• [Task to complete] For the data below, give the number of lines containing "with" and nothing more.
------ Provided data ------
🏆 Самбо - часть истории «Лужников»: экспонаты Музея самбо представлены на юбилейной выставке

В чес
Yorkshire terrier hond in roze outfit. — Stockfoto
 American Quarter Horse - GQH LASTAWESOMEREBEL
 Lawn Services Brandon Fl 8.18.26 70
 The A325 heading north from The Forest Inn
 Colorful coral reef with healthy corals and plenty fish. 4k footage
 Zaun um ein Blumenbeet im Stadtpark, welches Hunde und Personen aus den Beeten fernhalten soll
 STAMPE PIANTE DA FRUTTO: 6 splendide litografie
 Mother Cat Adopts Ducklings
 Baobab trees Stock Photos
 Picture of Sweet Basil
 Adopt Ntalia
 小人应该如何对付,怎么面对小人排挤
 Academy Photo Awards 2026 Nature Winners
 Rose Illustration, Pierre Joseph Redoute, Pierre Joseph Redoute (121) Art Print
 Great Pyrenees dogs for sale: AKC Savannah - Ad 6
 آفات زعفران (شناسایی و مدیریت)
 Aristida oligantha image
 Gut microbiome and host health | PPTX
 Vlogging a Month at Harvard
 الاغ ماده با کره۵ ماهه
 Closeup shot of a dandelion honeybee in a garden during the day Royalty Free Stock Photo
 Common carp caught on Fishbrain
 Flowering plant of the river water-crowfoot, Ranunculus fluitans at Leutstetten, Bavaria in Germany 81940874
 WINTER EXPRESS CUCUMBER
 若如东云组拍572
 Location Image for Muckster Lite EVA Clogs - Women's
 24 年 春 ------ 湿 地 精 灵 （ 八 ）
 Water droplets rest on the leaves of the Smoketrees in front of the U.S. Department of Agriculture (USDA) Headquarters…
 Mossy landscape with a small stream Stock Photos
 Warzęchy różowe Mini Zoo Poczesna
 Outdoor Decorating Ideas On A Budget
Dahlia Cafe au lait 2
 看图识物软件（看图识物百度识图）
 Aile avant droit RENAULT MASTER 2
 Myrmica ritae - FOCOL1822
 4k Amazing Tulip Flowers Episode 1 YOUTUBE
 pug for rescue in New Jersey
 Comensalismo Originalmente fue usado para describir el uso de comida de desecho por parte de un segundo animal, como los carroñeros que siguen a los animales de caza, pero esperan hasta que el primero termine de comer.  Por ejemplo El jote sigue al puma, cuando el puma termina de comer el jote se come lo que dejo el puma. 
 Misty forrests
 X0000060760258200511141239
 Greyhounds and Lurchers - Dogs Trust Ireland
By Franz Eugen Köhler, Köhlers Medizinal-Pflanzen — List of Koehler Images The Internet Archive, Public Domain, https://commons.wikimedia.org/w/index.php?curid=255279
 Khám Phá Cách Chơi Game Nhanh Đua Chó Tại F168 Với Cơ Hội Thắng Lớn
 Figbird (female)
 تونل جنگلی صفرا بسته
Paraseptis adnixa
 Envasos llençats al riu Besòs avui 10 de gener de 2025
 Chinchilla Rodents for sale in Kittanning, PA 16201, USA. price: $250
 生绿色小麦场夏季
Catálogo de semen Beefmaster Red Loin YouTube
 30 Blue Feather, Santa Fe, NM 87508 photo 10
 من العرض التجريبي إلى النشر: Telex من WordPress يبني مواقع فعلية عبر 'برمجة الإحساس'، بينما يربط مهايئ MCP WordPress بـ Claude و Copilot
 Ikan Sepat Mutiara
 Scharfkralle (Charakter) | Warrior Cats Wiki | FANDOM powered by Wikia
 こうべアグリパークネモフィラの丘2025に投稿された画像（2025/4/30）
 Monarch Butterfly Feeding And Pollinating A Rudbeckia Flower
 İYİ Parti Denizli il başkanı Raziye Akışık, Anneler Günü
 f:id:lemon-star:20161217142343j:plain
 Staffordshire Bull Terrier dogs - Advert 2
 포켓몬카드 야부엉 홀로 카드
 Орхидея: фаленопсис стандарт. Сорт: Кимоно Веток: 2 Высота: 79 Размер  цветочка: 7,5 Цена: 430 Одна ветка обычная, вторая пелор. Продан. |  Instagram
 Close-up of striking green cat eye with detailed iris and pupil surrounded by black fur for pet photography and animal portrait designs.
------
• [Result] 3